Understanding Biology in the Age of Artificial Intelligence

Elsa Lawrence,Adham El-Shazly,Srijit Seal,Chaitanya K Joshi,Pietro Liò,Shantanu Singh,Andreas Bender,Pietro Sormanni,Matthew Greenig
2024-03-07
Abstract:Modern life sciences research is increasingly relying on artificial intelligence approaches to model biological systems, primarily centered around the use of machine learning (ML) models. Although ML is undeniably useful for identifying patterns in large, complex data sets, its widespread application in biological sciences represents a significant deviation from traditional methods of scientific inquiry. As such, the interplay between these models and scientific understanding in biology is a topic with important implications for the future of scientific research, yet it is a subject that has received little attention. Here, we draw from an epistemological toolkit to contextualize recent applications of ML in biological sciences under modern philosophical theories of understanding, identifying general principles that can guide the design and application of ML systems to model biological phenomena and advance scientific knowledge. We propose that conceptions of scientific understanding as information compression, qualitative intelligibility, and dependency relation modelling provide a useful framework for interpreting ML-mediated understanding of biological systems. Through a detailed analysis of two key application areas of ML in modern biological research - protein structure prediction and single cell RNA-sequencing - we explore how these features have thus far enabled ML systems to advance scientific understanding of their target phenomena, how they may guide the development of future ML models, and the key obstacles that remain in preventing ML from achieving its potential as a tool for biological discovery. Consideration of the epistemological features of ML applications in biology will improve the prospects of these methods to solve important problems and advance scientific understanding of living systems.
Artificial Intelligence
What problem does this paper attempt to address?

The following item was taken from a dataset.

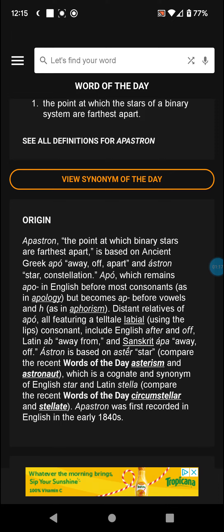ASTRON is based on 'aster,' meaning star. Compare recent Words of the Day: asterism and astronaut, which are cognates and synonyms of English 'star' and Latin 'stella,' with circumstellar and stellate.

This paper discusses how to understand biology in the era of artificial intelligence (AI). Modern life science research increasingly relies on artificial intelligence, especially machine learning models, to simulate biological systems. However, these methods differ significantly from traditional scientific exploration, and there is relatively little philosophical discussion on how they contribute to biological understanding. The paper first points out that although machine learning is very useful in pattern recognition of large complex datasets, its application in biology brings new challenges. Unlike the predictable laws commonly found in physics, biological models are often based on qualitative descriptions and exhibit multidimensionality, conditionality, and emergence, making direct deductive explanations less applicable. The paper proposes three concepts from modern epistemology for understanding science: information compression, qualitative interpretability, and dependency modeling. These concepts serve as frameworks for explaining the understanding of biological systems mediated by machine learning. Through case studies in protein structure prediction and single-cell RNA sequencing, the paper explores how these features promote scientific understanding, guide the development of future machine learning models, and highlight key obstacles preventing machine learning from realizing its potential in biological discoveries. The paper also discusses the applications of machine learning in biology, such as learning patterns and knowledge from data, and emphasizes the importance of preventing overfitting to improve generalization performance. The choice of data representation, such as principal component analysis (PCA) and other nonlinear dimensionality reduction techniques, is also considered a key factor in understanding and modeling biological phenomena. In conclusion, the problem addressed in this paper is how to appropriately apply machine learning in biological research to enhance scientific understanding of biological systems, and how to guide the design and application of machine learning models through modern philosophical theories.